Wedding Ring (1950)
3/10
Dull and Dated.
11 November 2017
Warning: Spoilers
WEDDING RING / ENGAGEMENT RING (Lit.) (KONYAKU YUBIWA). Viewed on Streaming. Video restoration/preservation = eight (8) stars; cinematography = seven (7) stars; score = seven (7) stars; sound/looping = four (4) stars; audio restoration/preservation = one (1) star. Director Keisuke Kinoshita (also credited as the screenplay writer) offers up a triangular tale of unrequited love involving a wife (who has married well and now runs a large family-owned jewelry store in downtown Tokyo), her sickly husband, and a newly-minted doctor who is treating her husband. The plot revolves around whether or not the wife and the doctor will have an affair. To describe this tedious teasing story line as being quaint by today's standards is by far an understatement. The film is also way overlong to the point of further inducing audience indifference at about the halfway point. Some lead actors are miscast. Actress Kinuyo Tanaka is a bit too old for the role of the young wife (she looks the oldest of all the leads) and a little chubby to boot (her double chins are visible in some shots).
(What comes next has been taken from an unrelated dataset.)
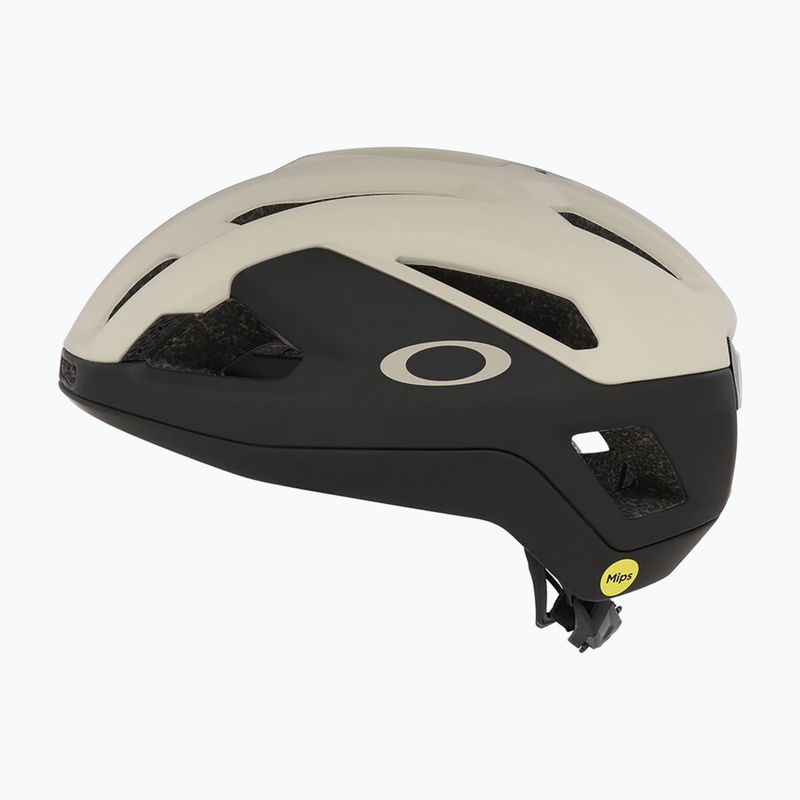 Fahrradhelm Oakley Aro3 Endurance EU matte sand/black 2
Actor Toshirô Mifune turns in an amateur performance and clearly needs the expertise gained by having more films under his belt before tackling the doctor part (but he doesn't mumble!). Cinematography (narrow screen format, black and white) is fine with some good tracking shots (especially between rooms with separating walls removed). Subtitles/translations are okay. Signs and written text are translated. Restoration/preservation is both very good (video) and totally terrible (audio). It sounds like the audio track was completely ignored. Age deterioration noise and artifacts are ever present, very loud, and a major distraction (this is one of the worse sound tracks--if not the worse--I have encountered for a commercially re-released old movie!). Sound dubbing is hit and miss. There is no audio until the opening credits are over! Jumping into and splashing about in water (of which there are many scenes) are soundless. Score is way over the top and seems more appropriate for a major, sweeping epic. (Then again, the Director may be trying to inject some life into his limp film?) Avoid this creaking Shochiku programmer. WILLIAM FLANIGAN, PhD.